The latest study, reported by Lyndsey Layton of the Washington Post, reports a staggering increase in child poverty across the nation. The majority of public school students in the South and the West now qualify for free or reduced price lunch. By federal standards, that means they are poor.

The United States has a greater proportion of children living in poverty than any other advanced nation in the world. We are #1 in child poverty. This is shameful.

The late Senator Daniel Patrick Moynihan once remarked on the phenomenon of "feeding the horses to feed the sparrows." In this case, the horses are the educational industrial complex. They are gobbling up federal, state, and local funding while children and families go hungry, lacking the medical care, economic security, and essential services they need. Instead of helping their families to become self-sufficient, we are fattening the testing industry. Instead of assuring that their schools have the guidance counselors, social workers, psychologists, and librarians the children need, our states are stripping their schools to the bare walls. Instead of supplying the arts and physical education that children need to nourish body and soul, we let them eat tests. Instead of giving the reduced class size where they get the attention they need, they sit in packed classrooms.

Every dollar that fattens the educational industrial complex -- not only the testing industry and the inexperienced, ill-trained Teach for America, but the corporations now collecting hundreds of millions of dollars to tell schools what to do -- is a dollar diverted from what should be done now to address directly the pressing needs of our nation's most vulnerable children, whose numbers continue to escalate, demonstrating the utter futility and self-serving nature of what is currently and deceptively called "reform."

Once these futile programs have collapsed, once they have been exposed as hollow (though lucrative) gestures, we will look back with sorrow at the lives wasted, the billions squandered, the incalculable damage to our children and our society.
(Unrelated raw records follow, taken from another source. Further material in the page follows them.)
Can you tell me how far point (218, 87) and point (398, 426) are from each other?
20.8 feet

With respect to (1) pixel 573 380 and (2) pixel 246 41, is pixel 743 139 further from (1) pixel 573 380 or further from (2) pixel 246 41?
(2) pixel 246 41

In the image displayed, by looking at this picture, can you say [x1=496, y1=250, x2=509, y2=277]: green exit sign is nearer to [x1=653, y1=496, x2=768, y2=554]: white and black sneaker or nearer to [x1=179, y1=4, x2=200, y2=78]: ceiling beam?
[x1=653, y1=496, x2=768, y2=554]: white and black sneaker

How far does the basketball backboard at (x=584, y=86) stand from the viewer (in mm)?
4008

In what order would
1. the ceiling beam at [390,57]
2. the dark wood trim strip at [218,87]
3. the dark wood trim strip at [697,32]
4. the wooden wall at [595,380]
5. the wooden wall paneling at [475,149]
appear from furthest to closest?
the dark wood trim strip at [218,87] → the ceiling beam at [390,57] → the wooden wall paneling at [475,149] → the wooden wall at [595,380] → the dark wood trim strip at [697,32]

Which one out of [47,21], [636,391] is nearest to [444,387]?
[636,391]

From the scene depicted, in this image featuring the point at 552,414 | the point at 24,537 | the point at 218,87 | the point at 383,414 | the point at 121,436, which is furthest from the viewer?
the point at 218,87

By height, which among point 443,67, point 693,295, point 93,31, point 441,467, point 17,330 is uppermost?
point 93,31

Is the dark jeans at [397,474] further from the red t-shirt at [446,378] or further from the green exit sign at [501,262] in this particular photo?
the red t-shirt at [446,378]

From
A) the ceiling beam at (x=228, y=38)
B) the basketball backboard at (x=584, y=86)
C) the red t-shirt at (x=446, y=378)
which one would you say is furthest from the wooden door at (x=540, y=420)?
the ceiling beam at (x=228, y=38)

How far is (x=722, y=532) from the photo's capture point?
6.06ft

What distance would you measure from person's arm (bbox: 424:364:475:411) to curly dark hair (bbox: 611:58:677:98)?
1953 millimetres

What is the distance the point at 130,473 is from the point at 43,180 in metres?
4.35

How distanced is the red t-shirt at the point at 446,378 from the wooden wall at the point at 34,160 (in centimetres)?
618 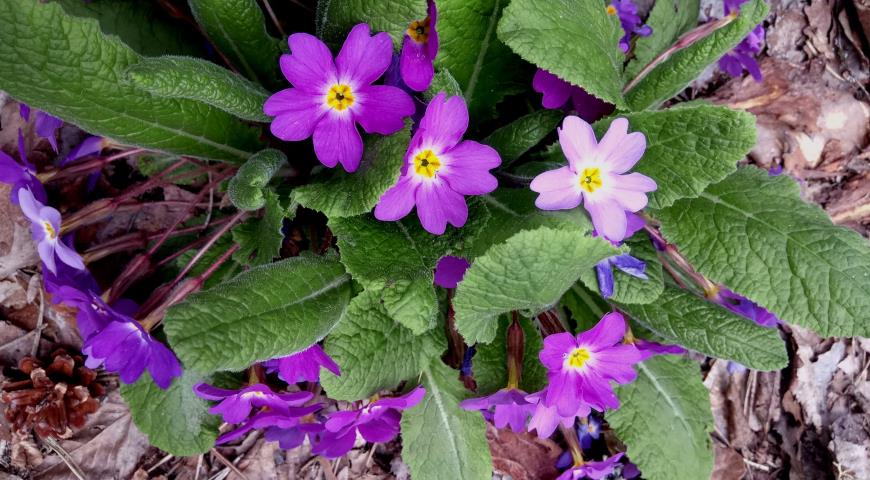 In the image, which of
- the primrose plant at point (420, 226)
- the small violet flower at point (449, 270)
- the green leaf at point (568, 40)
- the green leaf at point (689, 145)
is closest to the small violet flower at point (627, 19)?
the primrose plant at point (420, 226)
Someday we will say, as we should be saying now, that we cannot tolerate the loss of so many young lives. We cannot continue to blame teachers, principals, and schools for our society's collective abandonment of so many children. We cannot allow, and should no longer permit, the income inequality that protects the billionaires and corporate executives while neglecting the growth of a massive underclass. The age of the Robber Barons has returned. Good for them, but bad, very bad, for America.